Rosja zapłaci Ukrainie miliardy odszokodawania za wojnę

Ukraina będzie miała dostęp do 300 miliardów dolarów z rosyjskich pieniędzy na odbudowę kraju.

Prawie 300 miliardów dolarów w środkach Banku Centralnego Federacji Rosyjskiej, które znajdują się na rachunkach poza Rosją, zostało już zarezerwowanych dla Ukrainy, powiedział doradca ekonomiczny prezydenta Zełenskiego Ołeh Ustenko.

„Jest już odłożone dla nas 300 miliardów dolarów, środki z Centralnego Banku Rosji na rachunkach poza Rosją, które zostały dla nas skonfiskowane i zarezerwowane. Pieniądze te trafią do funduszu, który będzie pochodził z zajętego majątku tzw. rosyjskiej elity… który później zostanie sprzedany na rynku” – powiedział Ustenko.

Według premiera Ukrainy Denysa Szmyhala Ukraina potrzebuje już 500 mld dolarów na naprawę szkód spowodowanych rosyjską agresją a ataki trwają nadal. Straty w substancji gospodarczej nie obejmują strat ludzkich. Śmierć, tragedia rozłąki z najbliższymi, straty zwierząt – przyjaciół ludzi – to wszystko trudno jest wycenić i żadne banki czy agencje gospodarcze nie potrafią wycenić tych strat moralnych, choć dobre jest to, że można ż dużą dokładnością oceniać i na bieżąco rejestrować straty gospodarcze.

Gdyby takie systemy jak współczesne istniały w przeszłości, można byłoby podliczyć ile inne państwa są winne Polsce i domagać się zwrotu. W przeszłości nie istniały takie rozwiązania. Gdyby istniały okazałoby się, że Polska otrzymałaby najwięcej i była jednym z najbogatszych krajów świata. Dlaczego? Bo najwięcej w historii Europy, a może nawet świata ucierpiała. Rozkradziona, zdradzona Polska mogła być przywódcą narodów.

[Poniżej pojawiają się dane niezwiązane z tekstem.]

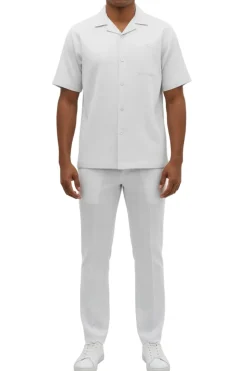 Stacy Adams - Off White Linen Walking Suit Set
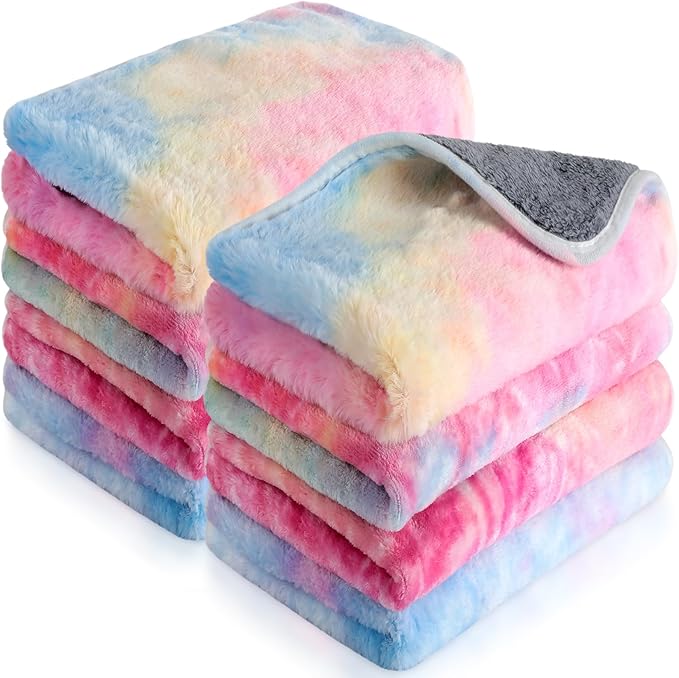 Tudomro 8 Pcs Guinea Pig Blankets Washable Small Pet Fleece Bedding Cage Liners Double Sided Pet Reusable Sleep Mat Pad Cover for Ferret Chinchilla Furniture Protection(Tie Dye,12 x 12 Inch)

Nie stała się dzięki chciwości wrogów, także tych wewnętrznych. Ot choćby wspomnieć pożyczkę dla Hiszpańskiego króla zaoferowaną przez naiwną, a może zdrajczynię Królową Bonę. Złoto wywiezione za jej czasów do Hiszpanii – gdyby dziś domagać się od Hiszpanii rekompensaty – z odsetkami Hiszpania musi zwrócić Polsce taką ilość złota, jakiego nie ma go na świecie.

Do tego trzeba doliczyć 'potop szwedzki’, który spowodował takie straty, z których Rzeczpospolita nie potrafiła się podnieść do dawnej świetności. Szwedzi rozkradli wszystko a czego nie mogli wywieźć zniszczyli. Jakby tego było mało pomimo niepowetowanych strat wojennych w II wojnie światowej Rosja zagranęła jedną trzecią kraju i skutecznie sparaliżowała jego rozwój (chociażby blokując plan odbudowy Marshalla). Do tego rozkradziono Polskę po tzw, otrzymaniu niepodległości i wyzwoleniu spod sowieckiej dominacji. Do kradzieży przemysłu wyprzedawanego za 10% wartości, z czego śmiali się nawet chińscy ekonomiści trzeba doliczyć dalsze znęcanie się Niemców – jak np. wprowadzenie 7 letniego zakazu legalnej pracy w Niemczech (aby chronić niemiecki rynek pracy), po którym to okresie zciągnięto arabskich i azjatyckich gazarbajterów. Itp. Itd. Udręczona Polska nie mogła zatem zostać pępkiem Europy, ale za to ma szansę zostać Ukraina po odzyskaniu strat i zrozumieniu Niemieckich 'potrzeb dominacji’. Wystarczy przeżyć.